Acting outside one’s expertise
The appellant doctor (P) appealed against a decision by the GMC to suspend him from practice for three months. The suspension was made because P had been instructed to appear as an expert witness in a hearing about the psychiatric problems of a paramedic. He prepared a psychiatric report for a tribunal on the paramedic’s ability to practise. In the course of the hearing, an objection was taken to P’s ability to act as an expert psychiatrist to deal with the paramedic’s alleged impairment, which the tribunal upheld. As a result, P was subsequently the subject of misconduct allegations himself, arising from his appearance as an expert when not qualified to act.
The panel found that P was not an expert in the relevant field (general adult psychiatry). It concluded that he had failed to restrict his opinion to areas where he had relevant expertise and or direct experience, and that he had given evidence on matters outside his professional competence.
P appealed to the GMC, challenging the panel’s findings that he was not an expert and that his report was inadequate because he had failed to give reasons for his opinions.
The GMC allowed the appeal, but only in part. In particular, it held that the panel before whom P had appeared was well aware and accepted that P might be equipped to act as an expert either by reason of their training or day-to-day experience, but it had not erred in concluding that P’s qualifications and training did not equip him to be an expert. He was not on the relevant specialist register, had not completed any higher professional training, and his experience as a clinician was limited to the care of offenders and others with similar needs in secure units.
The panel had also set out its reasons for deciding that P’s report was inadequate, including that there was no full explanation for his opinions. In particular, the report failed to address the specific questions over which P had been appointed, and it failed to provide adequate reasons for his conclusions.

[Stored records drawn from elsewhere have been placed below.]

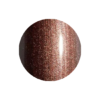 NEU: Nagellack Winterfarbe – Bild 2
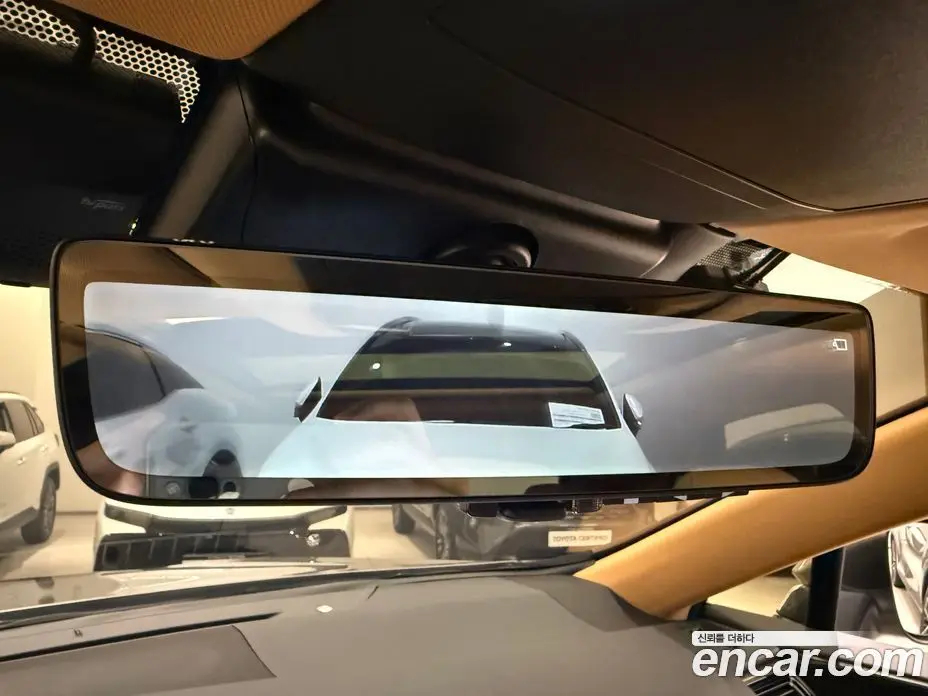 Lexus NX 2025 2.5 автомат (вариатор), фото 15 Lexus NX 2025 2.5 автомат (вариатор), фото 15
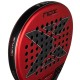 NOX EA10 Ventus Hybrid 12K XTREM by Edu Alonso Ρακέτα Padel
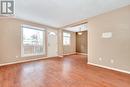 35 - 79 Thistledown Court, Ottawa (Nepean), ON  - Indoor Photo Showing Other Room 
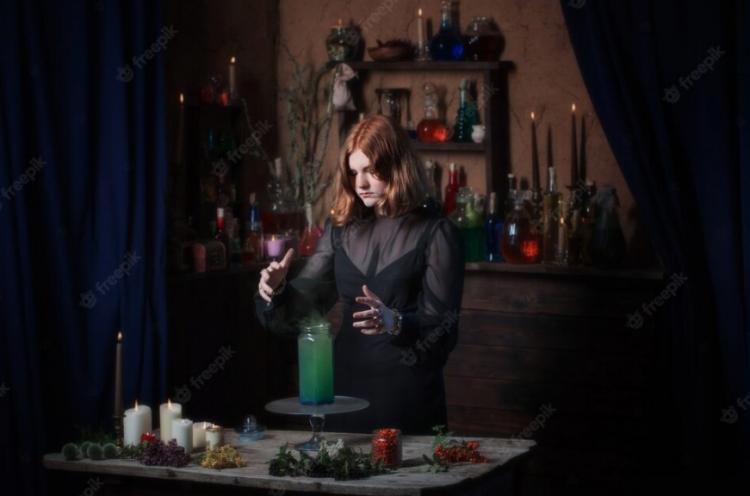 Снимок веб-страницы_20-12-2022_17135_www.freepik.com.jpeg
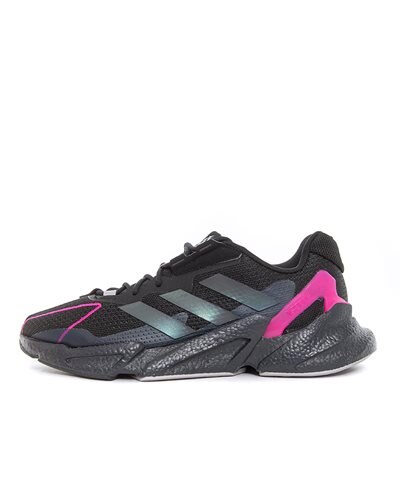 adidas boost sverige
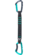 QD-6061-898-22_s_01.png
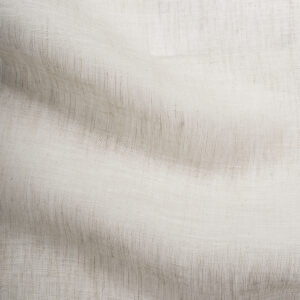 Pavia-Linen Sheer-Oatmeal-6555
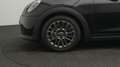 MINI Cooper C Classic Trim Noir - thumbnail 9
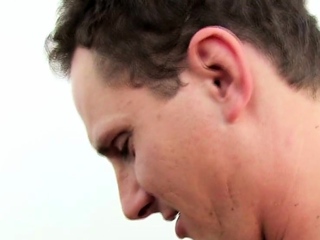 skinny british teen with smaller tits fuck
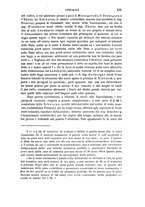 giornale/TO00194414/1876/V.4/00000135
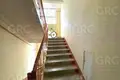 1 room apartment 32 m² Evenkiysky Rayon, Russia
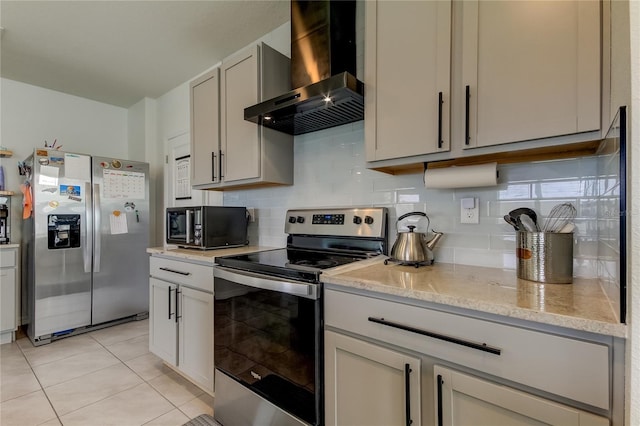 34110 Jasper Stone Dr, Wesley Chapel, FL 33543 - photo 8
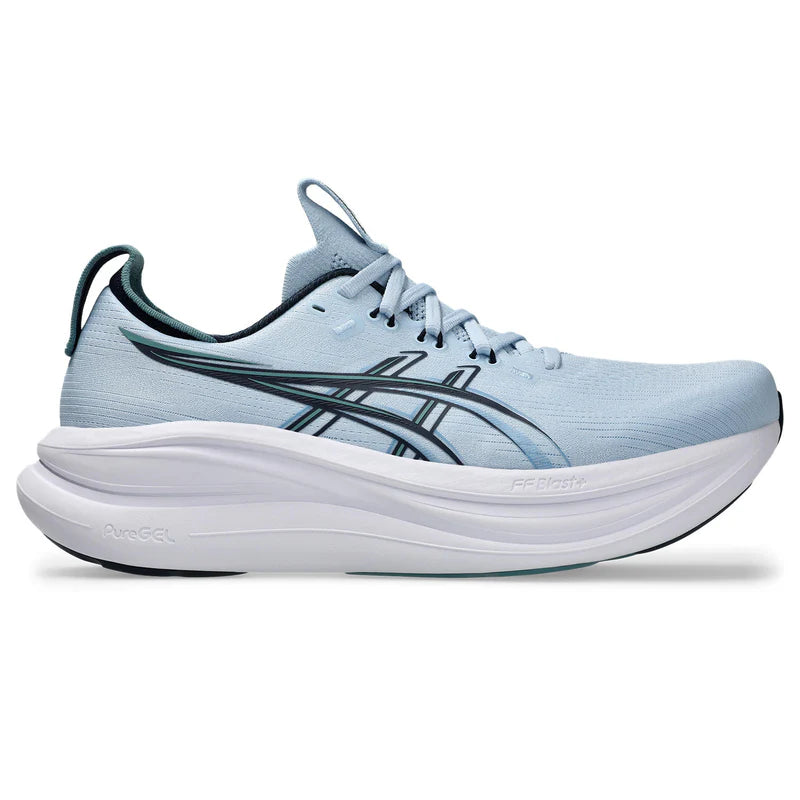 Men's Gel-Nimbus 28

The panel had been entitled to regard P’s misconduct as serious. It was correct in finding that there was a strong public interest in ensuring that doctors did not act outside their competence, and that they did not put themselves forward as experts in areas in which they did not have adequate knowledge and expertise. P’s actions could have had drastic consequences for X as she could have lost her professional registration and career. The GMC therefore directed that P’s registration be subject to a condition that he should not accept instructions to act as an expert in fitness to practise proceedings for three months.

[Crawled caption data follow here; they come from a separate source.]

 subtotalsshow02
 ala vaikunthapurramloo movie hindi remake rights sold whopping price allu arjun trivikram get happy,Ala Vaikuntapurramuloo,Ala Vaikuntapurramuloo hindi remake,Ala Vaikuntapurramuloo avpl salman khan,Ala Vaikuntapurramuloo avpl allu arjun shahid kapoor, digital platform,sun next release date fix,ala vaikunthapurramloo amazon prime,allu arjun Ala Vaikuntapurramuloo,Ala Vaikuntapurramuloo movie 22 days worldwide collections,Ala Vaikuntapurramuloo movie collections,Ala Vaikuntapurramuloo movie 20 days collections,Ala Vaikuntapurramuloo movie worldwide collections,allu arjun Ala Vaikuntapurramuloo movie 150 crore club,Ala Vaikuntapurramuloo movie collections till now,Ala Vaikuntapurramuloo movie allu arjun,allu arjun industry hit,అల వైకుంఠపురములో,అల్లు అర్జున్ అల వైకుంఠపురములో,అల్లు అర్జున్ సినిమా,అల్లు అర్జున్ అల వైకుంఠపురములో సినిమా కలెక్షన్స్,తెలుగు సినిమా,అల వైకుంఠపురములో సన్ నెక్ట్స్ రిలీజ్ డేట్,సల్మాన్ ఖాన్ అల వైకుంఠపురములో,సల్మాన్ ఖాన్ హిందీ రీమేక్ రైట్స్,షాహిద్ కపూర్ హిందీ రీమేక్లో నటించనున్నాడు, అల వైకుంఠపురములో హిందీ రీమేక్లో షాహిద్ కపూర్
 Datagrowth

A serious case with a serious outcome, and one which demonstrates the dangers of taking instructions outside of an expert’s direct field of expertise. P was obviously experienced, but not in dealing with persons such as X, and he also had not carried out the relevant training. In the circumstances, it is perhaps not surprising that P’s report also failed to answer the specific questions set. The consequences for X, the subject of his report, could have been disastrous, and in the circumstances it is not surprising that a suspension followed.

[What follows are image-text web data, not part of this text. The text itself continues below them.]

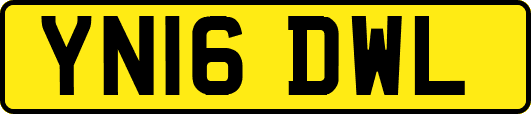 YN16DWL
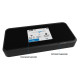 Novatel MiFi M2000 (Inseego) 4G/5G роутер 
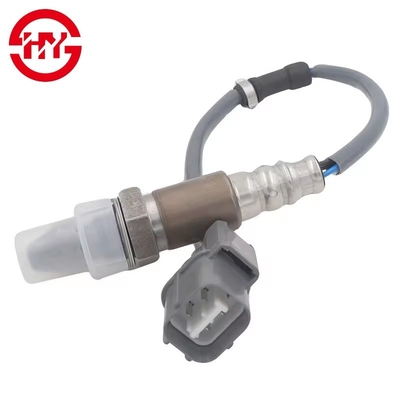 36531-RB0-004 36531-RFE-003 36531-RFE-J01 Lambdasonde voor Honda Fit City Odyssey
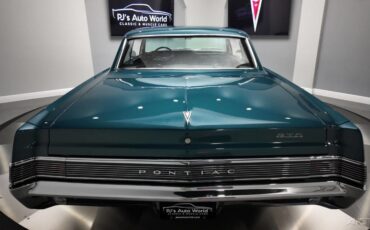 Pontiac-GTO-1965-21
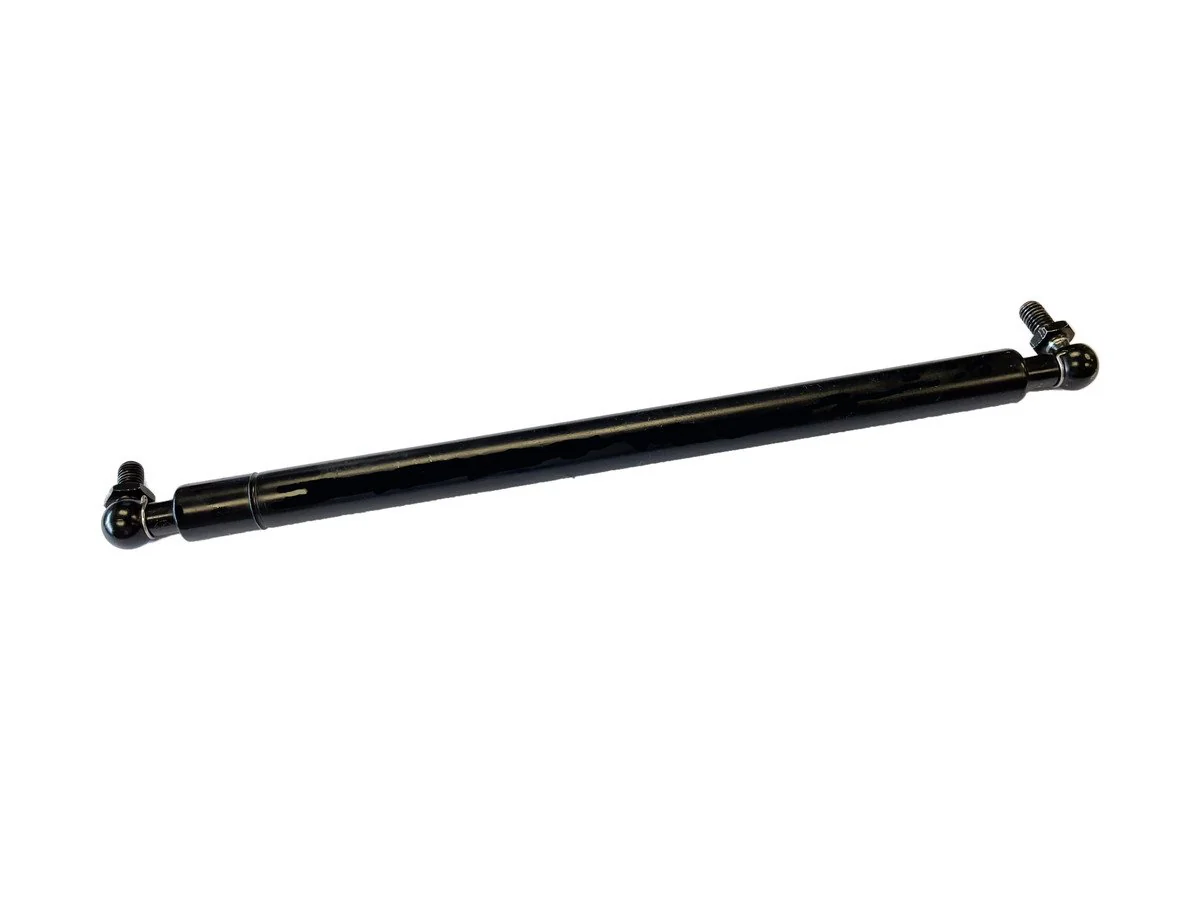Highlands Cargo Box Gas Strut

The reality of course is that experts are asked every day to report on issues when, perhaps, it is not always perfectly clear at the outset precisely what will be involved (although it seems unlikely that that is what happened to P here). It is important when taking on a new case to be sure that it something you are going to be happy drafting a report on and speaking to in court, and if not, to tell the legal team as quickly as possible. It is a rare problem that gets better for not being aired as soon as possible. It is likely, for example, that if P had thought carefully about whether he should really have taken the brief then it would have perhaps passed it on to someone with more direct experience.
As ever, identifying the key issues at the outset is the most important thing.